Bu önemli gün, engelli bireylerin yalnızca fiziksel değil aynı zamanda toplumsal, ekonomik ve zihinsel birçok engelle mücadele ettiğini gözler önüne serer. Günlük yaşamda karşılaşılan en temel zorluk, binalardan toplu taşımaya kadar uzanan erişilebilirlik (ulaşılabilirlik) sorunlarıdır. Bu durum, engelli rampalarının eksikliğinden internet sitelerinin erişilebilir olmamasına kadar geniş bir alanı kapsar. Eğitim hayatında ise, okulların yeterince kapsayıcı olmaması ve özel eğitim materyallerinin yetersizliği nedeniyle fırsat eşitsizliği yaşanır. Belki de en yıkıcı zorluk, iş gücü piyasasında yaşanan ayrımcılık ve istihdam sorunlarıdır. Bu durum, ekonomik bağımsızlıklarını kısıtlayarak onları toplumsal yaşama tam katılımda yetersiz bırakır. Tüm bu somut engellere ek olarak; toplumsal ön yargılar, acıma duygusu ve dışlanma, engelli bireylerin ruh sağlığını olumsuz etkileyen ve onların tam olarak kabul edilmesini engelleyen en derin zorluklardır.
Birçok ülkede olduğu gibi Türkiye’de de engelli bireylerin yaşam koşullarını iyileştirmek adına çeşitli yasal düzenlemeler yapılmıştır. Ancak yasalar tek başına yeterli değildir, asıl önemli olan toplumsal bilinçtir. İnsanların, engelli bireyleri bir “kusur” olarak değil, yaşamın doğal bir parçası olarak görmesi gerekir. Bir kaldırım rampası yapılmadığında, bir asansör bozuk bırakıldığında ya da iş yerinde erişilebilir tuvalet bulunmadığında aslında engelli bireyler değil, toplum engelli hale gelir. Çünkü bir toplumun gelişmişliği, en zayıf halkasına nasıl davrandığıyla ölçülür.
Engellilik; bir eksiklik değil, farklı bir yetenektir. Onlar, engelleri aşmak için harcadıkları çabayla, sabrın ve direncin anlamını tüm topluma öğreten birer hayat öğretmenidir.

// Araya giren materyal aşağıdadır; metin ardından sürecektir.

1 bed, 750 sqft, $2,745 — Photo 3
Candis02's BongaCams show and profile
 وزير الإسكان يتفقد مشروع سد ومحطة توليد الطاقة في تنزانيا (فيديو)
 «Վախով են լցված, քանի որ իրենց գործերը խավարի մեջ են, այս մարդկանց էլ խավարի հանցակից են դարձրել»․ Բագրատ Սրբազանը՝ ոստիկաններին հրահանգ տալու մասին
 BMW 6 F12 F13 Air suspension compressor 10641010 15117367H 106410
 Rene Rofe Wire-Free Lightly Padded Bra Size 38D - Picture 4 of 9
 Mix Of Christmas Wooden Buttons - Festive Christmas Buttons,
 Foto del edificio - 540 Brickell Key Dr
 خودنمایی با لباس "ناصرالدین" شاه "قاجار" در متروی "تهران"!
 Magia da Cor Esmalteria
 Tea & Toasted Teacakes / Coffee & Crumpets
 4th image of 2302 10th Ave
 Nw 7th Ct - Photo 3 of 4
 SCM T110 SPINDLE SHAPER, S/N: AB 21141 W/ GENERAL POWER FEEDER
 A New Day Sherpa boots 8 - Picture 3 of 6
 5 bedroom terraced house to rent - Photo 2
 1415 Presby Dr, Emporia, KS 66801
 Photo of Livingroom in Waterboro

3 Aralık, aynı zamanda empati kurma günüdür. Gözlerimizi bir günlüğüne kapatmayı, sessizliği dinlemeyi ya da bir koltuk değneğiyle yürümeyi hayal ettiğimizde engelli bireylerin günlük yaşamda karşılaştıkları zorlukları daha iyi anlayabiliriz. Ancak empati, sadece hissetmekle sınırlı kalmamalıdır davranışa da dönüşmelidir. Bir engelli bireyin topluma katılımını kolaylaştıracak her adım, aslında insanlığın ortak vicdanını güçlendirir.
3 Aralık'ta vereceğimiz en güçlü mesaj şudur: Kalbimizdeki engelleri kaldıralım. Ön yargılarımızı, acıma duygumuzu ve en önemlisi görmezden gelme alışkanlığımızı bir kenara bırakalım. Engelli vatandaşlarımızın sesi olmaya değil, onların seslerini tam olarak duyurabilecekleri bir platform sağlamaya odaklanalım.
3 Aralık Dünya Engelliler Günü Kutlu Olsun!